They took Theo to the County Jail and the copy of the bond agreement they had in the truck facilitated their getting the County to take him out of their custody. They were greatly relieved to have a receipt signed by the desk sergeant in exchange for the elusive Theo.
Rick gave Buckshot a roll of five one hundred-dollar bills for services rendered, and they still had him back at Larry's house before five o'clock. "It's been a real pleasure doing business with you two!" Buckshot winked wickedly as he stashed the money in his biker wallet and exited the truck. At this rate he would rebuild his traveling fund in no time!
Rick and Snowman drove back to their house; they quickly undressed and climbed into Rick and Michelle's bed with their two beautiful women who were snuggled together there keeping the bed warm for them.

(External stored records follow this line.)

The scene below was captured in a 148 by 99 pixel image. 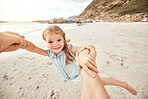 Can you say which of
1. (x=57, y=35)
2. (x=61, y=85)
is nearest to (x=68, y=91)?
(x=61, y=85)

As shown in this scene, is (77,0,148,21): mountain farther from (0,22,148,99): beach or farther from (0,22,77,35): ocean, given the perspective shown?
(0,22,77,35): ocean

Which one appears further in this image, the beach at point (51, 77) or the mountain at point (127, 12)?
the mountain at point (127, 12)

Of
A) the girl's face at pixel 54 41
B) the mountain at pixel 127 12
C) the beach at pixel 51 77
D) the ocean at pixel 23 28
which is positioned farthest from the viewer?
the mountain at pixel 127 12

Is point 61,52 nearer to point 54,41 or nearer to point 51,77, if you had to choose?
point 54,41

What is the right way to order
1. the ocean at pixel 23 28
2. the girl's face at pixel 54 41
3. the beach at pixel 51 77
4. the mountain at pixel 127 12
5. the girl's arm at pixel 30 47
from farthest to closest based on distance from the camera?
the mountain at pixel 127 12 → the ocean at pixel 23 28 → the beach at pixel 51 77 → the girl's face at pixel 54 41 → the girl's arm at pixel 30 47

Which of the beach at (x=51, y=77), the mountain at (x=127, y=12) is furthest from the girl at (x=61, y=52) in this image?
the mountain at (x=127, y=12)

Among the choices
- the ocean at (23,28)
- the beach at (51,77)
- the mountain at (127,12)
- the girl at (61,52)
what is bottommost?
the beach at (51,77)

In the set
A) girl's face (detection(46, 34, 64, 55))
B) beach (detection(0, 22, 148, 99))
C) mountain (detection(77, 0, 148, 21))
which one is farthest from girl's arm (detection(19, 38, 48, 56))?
mountain (detection(77, 0, 148, 21))

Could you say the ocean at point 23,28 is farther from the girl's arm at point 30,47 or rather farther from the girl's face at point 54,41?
the girl's face at point 54,41

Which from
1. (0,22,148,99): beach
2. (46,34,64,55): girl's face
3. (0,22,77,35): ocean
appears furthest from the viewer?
(0,22,77,35): ocean

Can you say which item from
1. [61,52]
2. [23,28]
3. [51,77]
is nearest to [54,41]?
[61,52]

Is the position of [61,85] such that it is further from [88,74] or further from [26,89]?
[88,74]

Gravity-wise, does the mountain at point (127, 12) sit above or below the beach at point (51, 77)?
above

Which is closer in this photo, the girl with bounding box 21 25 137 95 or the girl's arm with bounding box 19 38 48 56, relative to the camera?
the girl's arm with bounding box 19 38 48 56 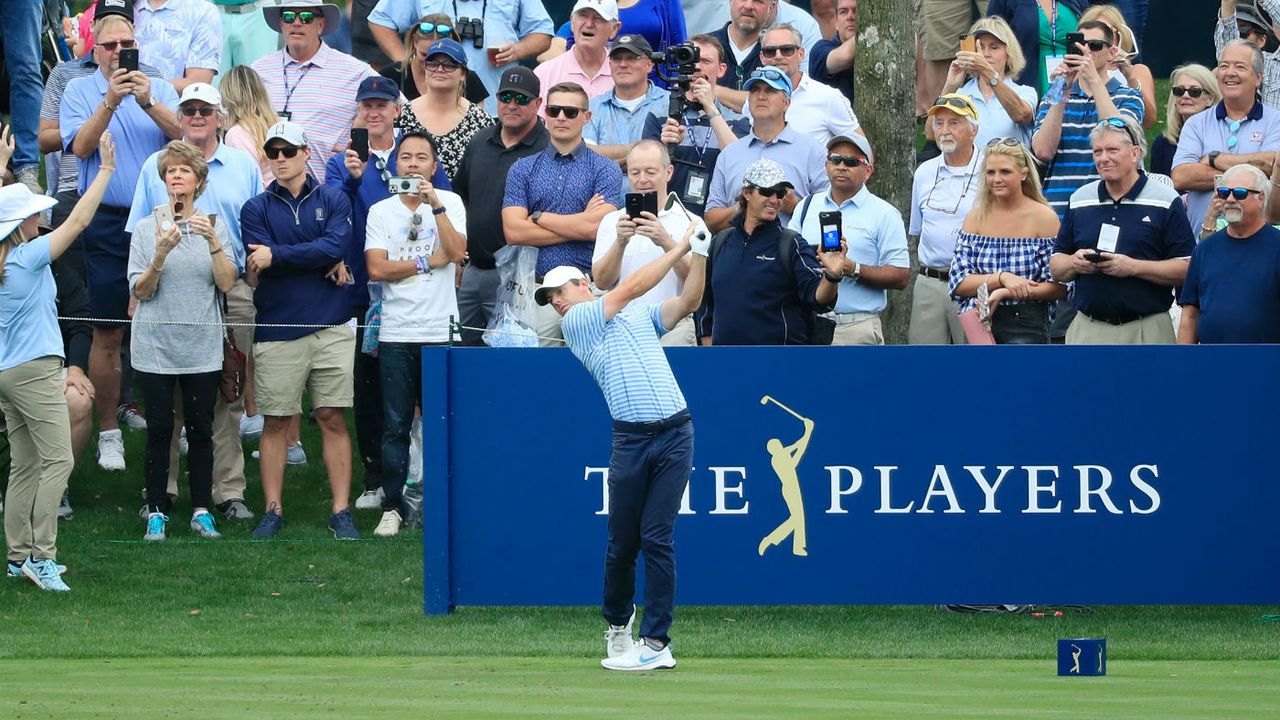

The inviting smell of blueberry waffles and frying bacon woke Rick that morning. He looked over to find that all three of his bed mates had abandoned ship already. "I must really be getting tame." Rick shook his head and thought in disgust. "Two years ago, a skinny house cat couldn't have stepped foot into this bedroom without me going for a gun."
This disturbing thought was enough incentive to cause Rick to hit the floor and do fifty pushups before he headed for the shower. Rick was just coming out of the bathroom when Michelle came back into the bedroom.
She was an absolute doll! Her voluptuous figure was accented, but not concealed in the least, by a frilly pink apron, which happened to be all she was wearing at the time. "Breakfast is ready, Sweetheart." Michelle spoke in the sexy voice that never failed to thrill Rick. She walked into his arms as he opened them wide and she applied herself to thoroughly kissing him.
The soul kiss led to Rick temporarily losing all desire, for breakfast, that is. By the time they came out of his second shower of the morning, thirty minutes later, he was definitely ready for something to eat. Michelle put her flimsy apron back on and spoke. "I'll warm your breakfast in the microwave while you dress, Darling."
It never took long for Rick to dress. Unless he and his Bro were staking out a place or trying to impress a client, they seldom wore anything but Levi's or fatigue pants, a Harley shirt, their motorcycle jackets, and their "rags", a sleeveless denim jacket with their club colors on the back. Rick and Snowman both still usually wore the Green Beret they had worked, fought, and bled to bring honor to.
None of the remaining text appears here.